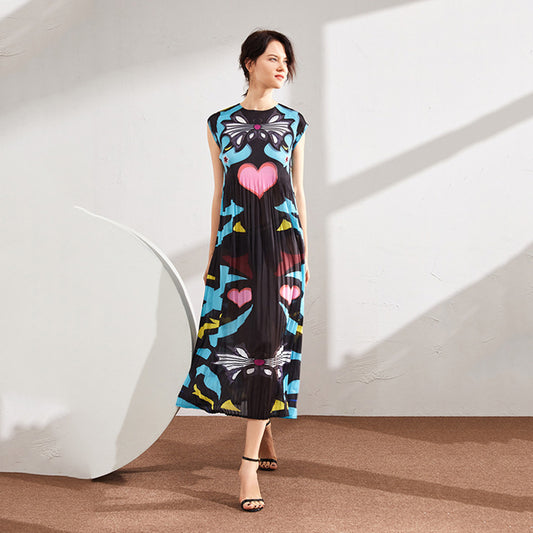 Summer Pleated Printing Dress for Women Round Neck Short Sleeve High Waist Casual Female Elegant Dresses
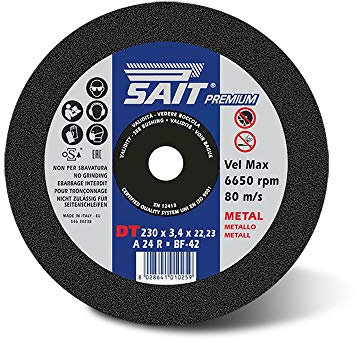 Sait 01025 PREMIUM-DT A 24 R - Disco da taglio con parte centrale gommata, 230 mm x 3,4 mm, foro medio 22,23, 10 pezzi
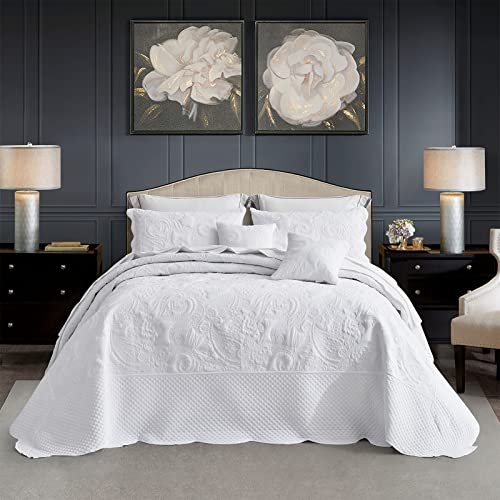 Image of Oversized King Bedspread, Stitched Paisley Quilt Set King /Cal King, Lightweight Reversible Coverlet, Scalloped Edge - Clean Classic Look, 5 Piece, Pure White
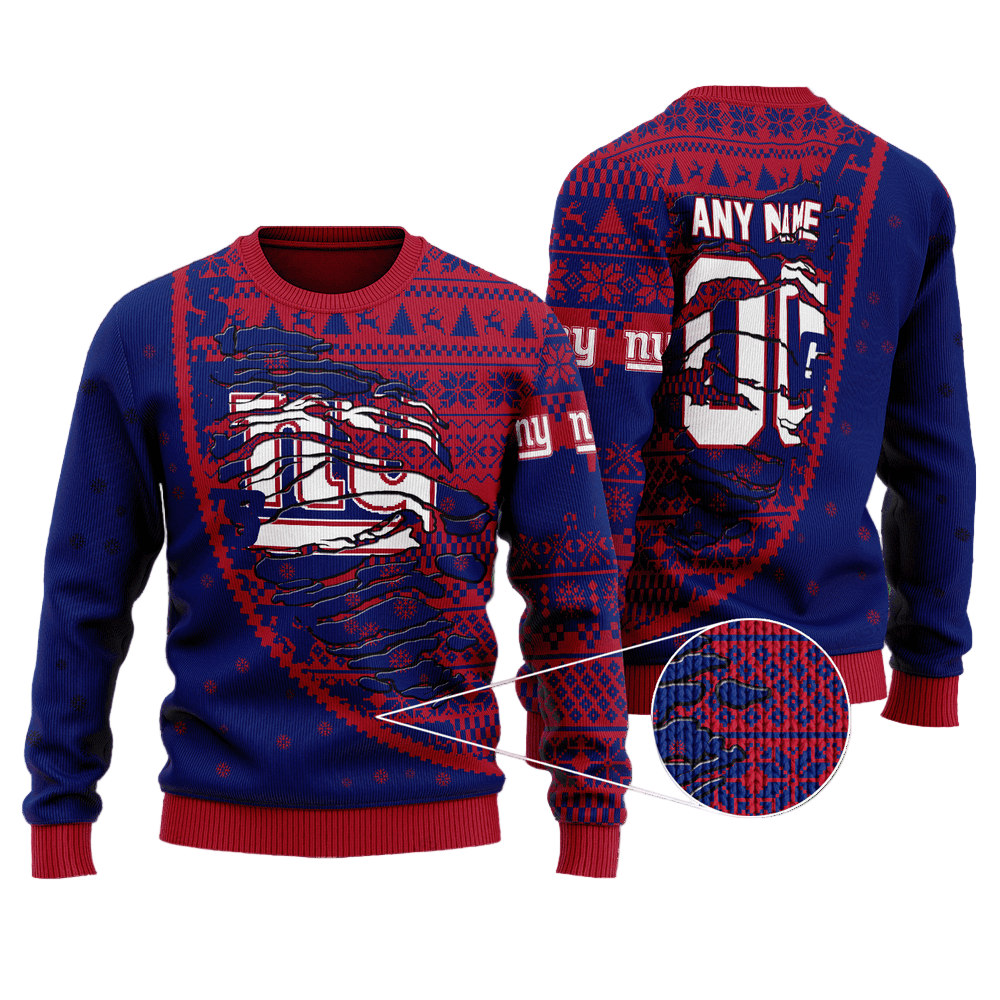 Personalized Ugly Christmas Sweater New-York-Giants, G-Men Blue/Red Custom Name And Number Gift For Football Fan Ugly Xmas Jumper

...

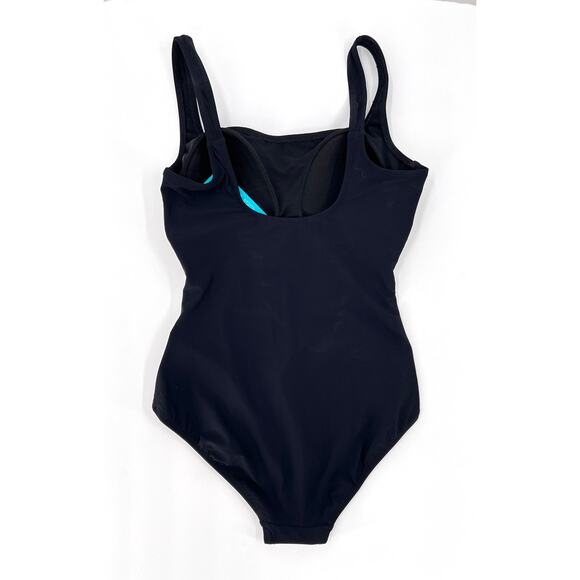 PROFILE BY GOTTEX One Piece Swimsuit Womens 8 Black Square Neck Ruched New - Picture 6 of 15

== Exercise ==
Beginning with the line above that has "Image of Oversized" and going on through the line that has "Personalized Ugly Christmas", retype every line exactly and add nothing else; drop the pictures.

== Written response ==
 Image of Oversized King Bedspread, Stitched Paisley Quilt Set King /Cal King, Lightweight Reversible Coverlet, Scalloped Edge - Clean Classic Look, 5 Piece, Pure White
 Personalized Ugly Christmas Sweater New-York-Giants, G-Men Blue/Red Custom Name And Number Gift For Football Fan Ugly Xmas Jumper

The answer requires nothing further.